I really question, however, whether Pope Francis should have gone into this at all.  While wars are increasingly rare, in recent years where they have existed they've often pitted Islam in aggressive violence against Christians in general and the Catholic and Orthodox in particular.  It's easy to be against war of any kind for Europeans or those living in the New World.  It might not be if you are facing the Islamic State on the Lavant.

I also don't' think the new writing changes Catholic doctrine on the death penalty, as some seem to be stating, where it states: 

The death penalty

263. There is yet another way to eliminate others, one aimed not at countries but at individuals. It is the death penalty. Saint John Paul II stated clearly and firmly that the death penalty is inadequate from a moral standpoint and no longer necessary from that of penal justice. There can be no stepping back from this position. Today we state clearly that “the death penalty is inadmissible” and the Church is firmly committed to calling for its abolition worldwide.

264. In the New Testament, while individuals are asked not to take justice into their own hands (cf. Rom 12:17.19), there is also a recognition of the need for authorities to impose penalties on evildoers (cf. Rom 13:4; 1 Pet 2:14). Indeed, “civic life, structured around an organized community, needs rules of coexistence, the wilful violation of which demands appropriate redress”.[249] This means that legitimate public authority can and must “inflict punishments according to the seriousness of the crimes” and that judicial power be guaranteed a “necessary independence in the realm of law”. 

265. From the earliest centuries of the Church, some were clearly opposed to capital punishment. Lactantius, for example, held that “there ought to be no exception at all; that it is always unlawful to put a man to death”. Pope Nicholas I urged that efforts be made “to free from the punishment of death not only each of the innocent, but all the guilty as well”.During the trial of the murderers of two priests, Saint Augustine asked the judge not to take the life of the assassins with this argument: “We do not object to your depriving these wicked men of the freedom to commit further crimes. Our desire is rather that justice be satisfied without the taking of their lives or the maiming of their bodies in any part. And, at the same time, that by the coercive measures provided by the law, they be turned from their irrational fury to the calmness of men of sound mind, and from their evil deeds to some useful employment. This too is considered a condemnation, but who does not see that, when savage violence is restrained and remedies meant to produce repentance are provided, it should be considered a benefit rather than a mere punitive measure… Do not let the atrocity of their sins feed a desire for vengeance, but desire instead to heal the wounds which those deeds have inflicted on their souls”.

266. Fear and resentment can easily lead to viewing punishment in a vindictive and even cruel way, rather than as part of a process of healing and reintegration into society. Nowadays, “in some political sectors and certain media, public and private violence and revenge are incited, not only against those responsible for committing crimes, but also against those suspected, whether proven or not, of breaking the law… There is at times a tendency to deliberately fabricate enemies: stereotyped figures who represent all the characteristics that society perceives or interprets as threatening. The mechanisms that form these images are the same that allowed the spread of racist ideas in their time”.[This has made all the more dangerous the growing practice in some countries of resorting to preventive custody, imprisonment without trial and especially the death penalty.

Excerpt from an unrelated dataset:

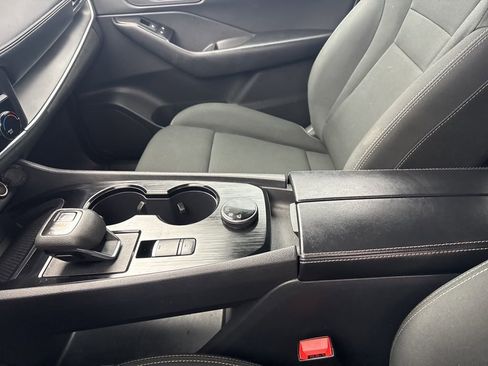 Used 2024 Nissan Rogue S image 24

267. Here I would stress that “it is impossible to imagine that states today have no other means than capital punishment to protect the lives of other people from the unjust aggressor”. Particularly serious in this regard are so-called extrajudicial or extralegal executions, which are “homicides deliberately committed by certain states and by their agents, often passed off as clashes with criminals or presented as the unintended consequences of the reasonable, necessary and proportionate use of force in applying the law”.

268. “The arguments against the death penalty are numerous and well-known. The Church has rightly called attention to several of these, such as the possibility of judicial error and the use made of such punishment by totalitarian and dictatorial regimes as a means of suppressing political dissidence or persecuting religious and cultural minorities, all victims whom the legislation of those regimes consider ‘delinquents’. All Christians and people of good will are today called to work not only for the abolition of the death penalty, legal or illegal, in all its forms, but also to work for the improvement of prison conditions, out of respect for the human dignity of persons deprived of their freedom. I would link this to life imprisonment… A life sentence is a secret death penalty”.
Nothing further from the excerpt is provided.